TO DO: Print each entry below precisely as shown.

Records excerpted from a collection
※
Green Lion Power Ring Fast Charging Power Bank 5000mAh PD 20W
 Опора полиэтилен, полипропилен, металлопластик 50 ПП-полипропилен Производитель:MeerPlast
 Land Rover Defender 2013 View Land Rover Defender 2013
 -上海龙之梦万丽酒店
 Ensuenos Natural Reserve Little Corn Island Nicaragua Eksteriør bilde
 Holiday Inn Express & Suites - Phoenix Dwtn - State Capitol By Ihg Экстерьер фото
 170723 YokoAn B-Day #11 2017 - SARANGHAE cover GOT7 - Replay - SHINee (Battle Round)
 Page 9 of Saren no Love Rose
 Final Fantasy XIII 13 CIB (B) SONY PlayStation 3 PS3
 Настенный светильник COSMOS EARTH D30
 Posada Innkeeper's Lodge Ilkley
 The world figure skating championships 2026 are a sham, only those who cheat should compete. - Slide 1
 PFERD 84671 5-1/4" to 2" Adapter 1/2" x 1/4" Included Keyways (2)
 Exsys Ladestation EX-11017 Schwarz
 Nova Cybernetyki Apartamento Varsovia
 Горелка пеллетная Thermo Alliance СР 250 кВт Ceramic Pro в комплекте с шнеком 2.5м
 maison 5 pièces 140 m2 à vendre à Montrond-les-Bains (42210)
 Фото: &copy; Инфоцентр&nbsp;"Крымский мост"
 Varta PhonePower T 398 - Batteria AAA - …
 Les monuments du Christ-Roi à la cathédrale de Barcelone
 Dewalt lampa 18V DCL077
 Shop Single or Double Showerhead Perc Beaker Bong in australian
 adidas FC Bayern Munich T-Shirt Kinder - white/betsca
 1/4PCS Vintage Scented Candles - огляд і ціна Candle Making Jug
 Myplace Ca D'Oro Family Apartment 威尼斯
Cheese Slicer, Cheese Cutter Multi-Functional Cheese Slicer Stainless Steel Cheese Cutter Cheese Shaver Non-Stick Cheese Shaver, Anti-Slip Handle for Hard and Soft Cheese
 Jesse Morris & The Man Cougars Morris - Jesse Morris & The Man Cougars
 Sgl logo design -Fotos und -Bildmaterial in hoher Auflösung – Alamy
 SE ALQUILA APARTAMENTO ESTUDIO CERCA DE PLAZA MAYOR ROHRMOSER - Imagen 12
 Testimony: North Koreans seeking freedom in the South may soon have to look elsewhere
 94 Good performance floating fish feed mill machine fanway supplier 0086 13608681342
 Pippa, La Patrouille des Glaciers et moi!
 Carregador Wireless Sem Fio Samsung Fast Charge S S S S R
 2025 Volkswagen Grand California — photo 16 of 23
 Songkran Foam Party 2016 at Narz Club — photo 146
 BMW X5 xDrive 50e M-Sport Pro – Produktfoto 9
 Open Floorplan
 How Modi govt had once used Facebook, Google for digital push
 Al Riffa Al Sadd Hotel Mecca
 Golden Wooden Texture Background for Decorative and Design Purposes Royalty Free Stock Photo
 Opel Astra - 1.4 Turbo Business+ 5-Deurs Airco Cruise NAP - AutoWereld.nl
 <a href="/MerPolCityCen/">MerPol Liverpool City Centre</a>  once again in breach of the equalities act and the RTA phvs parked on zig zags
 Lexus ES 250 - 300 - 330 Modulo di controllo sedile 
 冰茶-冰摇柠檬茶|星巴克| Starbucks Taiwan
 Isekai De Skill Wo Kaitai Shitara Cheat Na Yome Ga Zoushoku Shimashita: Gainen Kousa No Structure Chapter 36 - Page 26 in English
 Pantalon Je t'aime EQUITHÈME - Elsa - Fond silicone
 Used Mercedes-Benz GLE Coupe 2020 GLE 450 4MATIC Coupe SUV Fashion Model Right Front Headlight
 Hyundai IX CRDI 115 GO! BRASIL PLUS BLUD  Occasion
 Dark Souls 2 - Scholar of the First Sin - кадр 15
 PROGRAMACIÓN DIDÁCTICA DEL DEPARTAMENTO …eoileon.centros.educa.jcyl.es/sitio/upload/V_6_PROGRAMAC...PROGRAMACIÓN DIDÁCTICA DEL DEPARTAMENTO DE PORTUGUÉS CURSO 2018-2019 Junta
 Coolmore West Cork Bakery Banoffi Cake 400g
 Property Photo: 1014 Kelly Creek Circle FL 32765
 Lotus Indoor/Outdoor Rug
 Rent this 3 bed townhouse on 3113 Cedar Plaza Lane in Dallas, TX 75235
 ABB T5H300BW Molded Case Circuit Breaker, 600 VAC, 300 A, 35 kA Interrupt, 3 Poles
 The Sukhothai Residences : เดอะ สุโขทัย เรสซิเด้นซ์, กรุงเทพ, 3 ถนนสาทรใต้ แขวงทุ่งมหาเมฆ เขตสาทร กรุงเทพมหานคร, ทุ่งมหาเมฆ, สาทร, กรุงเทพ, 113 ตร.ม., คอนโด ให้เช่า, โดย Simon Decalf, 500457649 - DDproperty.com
※
ANSWER TO THIS TASK:
Green Lion Power Ring Fast Charging Power Bank 5000mAh PD 20W
 Опора полиэтилен, полипропилен, металлопластик 50 ПП-полипропилен Производитель:MeerPlast
 Land Rover Defender 2013 View Land Rover Defender 2013
 -上海龙之梦万丽酒店
 Ensuenos Natural Reserve Little Corn Island Nicaragua Eksteriør bilde
 Holiday Inn Express & Suites - Phoenix Dwtn - State Capitol By Ihg Экстерьер фото
 170723 YokoAn B-Day #11 2017 - SARANGHAE cover GOT7 - Replay - SHINee (Battle Round)
 Page 9 of Saren no Love Rose
 Final Fantasy XIII 13 CIB (B) SONY PlayStation 3 PS3
 Настенный светильник COSMOS EARTH D30
 Posada Innkeeper's Lodge Ilkley
 The world figure skating championships 2026 are a sham, only those who cheat should compete. - Slide 1
 PFERD 84671 5-1/4" to 2" Adapter 1/2" x 1/4" Included Keyways (2)
 Exsys Ladestation EX-11017 Schwarz
 Nova Cybernetyki Apartamento Varsovia
 Горелка пеллетная Thermo Alliance СР 250 кВт Ceramic Pro в комплекте с шнеком 2.5м
 maison 5 pièces 140 m2 à vendre à Montrond-les-Bains (42210)
 Фото: &copy; Инфоцентр&nbsp;"Крымский мост"
 Varta PhonePower T 398 - Batteria AAA - …
 Les monuments du Christ-Roi à la cathédrale de Barcelone
 Dewalt lampa 18V DCL077
 Shop Single or Double Showerhead Perc Beaker Bong in australian
 adidas FC Bayern Munich T-Shirt Kinder - white/betsca
 1/4PCS Vintage Scented Candles - огляд і ціна Candle Making Jug
 Myplace Ca D'Oro Family Apartment 威尼斯
Cheese Slicer, Cheese Cutter Multi-Functional Cheese Slicer Stainless Steel Cheese Cutter Cheese Shaver Non-Stick Cheese Shaver, Anti-Slip Handle for Hard and Soft Cheese
 Jesse Morris & The Man Cougars Morris - Jesse Morris & The Man Cougars
 Sgl logo design -Fotos und -Bildmaterial in hoher Auflösung – Alamy
 SE ALQUILA APARTAMENTO ESTUDIO CERCA DE PLAZA MAYOR ROHRMOSER - Imagen 12
 Testimony: North Koreans seeking freedom in the South may soon have to look elsewhere
 94 Good performance floating fish feed mill machine fanway supplier 0086 13608681342
 Pippa, La Patrouille des Glaciers et moi!
 Carregador Wireless Sem Fio Samsung Fast Charge S S S S R
 2025 Volkswagen Grand California — photo 16 of 23
 Songkran Foam Party 2016 at Narz Club — photo 146
 BMW X5 xDrive 50e M-Sport Pro – Produktfoto 9
 Open Floorplan
 How Modi govt had once used Facebook, Google for digital push
 Al Riffa Al Sadd Hotel Mecca
 Golden Wooden Texture Background for Decorative and Design Purposes Royalty Free Stock Photo
 Opel Astra - 1.4 Turbo Business+ 5-Deurs Airco Cruise NAP - AutoWereld.nl
 <a href="/MerPolCityCen/">MerPol Liverpool City Centre</a>  once again in breach of the equalities act and the RTA phvs parked on zig zags
 Lexus ES 250 - 300 - 330 Modulo di controllo sedile 
 冰茶-冰摇柠檬茶|星巴克| Starbucks Taiwan
 Isekai De Skill Wo Kaitai Shitara Cheat Na Yome Ga Zoushoku Shimashita: Gainen Kousa No Structure Chapter 36 - Page 26 in English
 Pantalon Je t'aime EQUITHÈME - Elsa - Fond silicone
 Used Mercedes-Benz GLE Coupe 2020 GLE 450 4MATIC Coupe SUV Fashion Model Right Front Headlight
 Hyundai IX CRDI 115 GO! BRASIL PLUS BLUD  Occasion
 Dark Souls 2 - Scholar of the First Sin - кадр 15
 PROGRAMACIÓN DIDÁCTICA DEL DEPARTAMENTO …eoileon.centros.educa.jcyl.es/sitio/upload/V_6_PROGRAMAC...PROGRAMACIÓN DIDÁCTICA DEL DEPARTAMENTO DE PORTUGUÉS CURSO 2018-2019 Junta
 Coolmore West Cork Bakery Banoffi Cake 400g
 Property Photo: 1014 Kelly Creek Circle FL 32765
 Lotus Indoor/Outdoor Rug
 Rent this 3 bed townhouse on 3113 Cedar Plaza Lane in Dallas, TX 75235
 ABB T5H300BW Molded Case Circuit Breaker, 600 VAC, 300 A, 35 kA Interrupt, 3 Poles
 The Sukhothai Residences : เดอะ สุโขทัย เรสซิเด้นซ์, กรุงเทพ, 3 ถนนสาทรใต้ แขวงทุ่งมหาเมฆ เขตสาทร กรุงเทพมหานคร, ทุ่งมหาเมฆ, สาทร, กรุงเทพ, 113 ตร.ม., คอนโด ให้เช่า, โดย Simon Decalf, 500457649 - DDproperty.com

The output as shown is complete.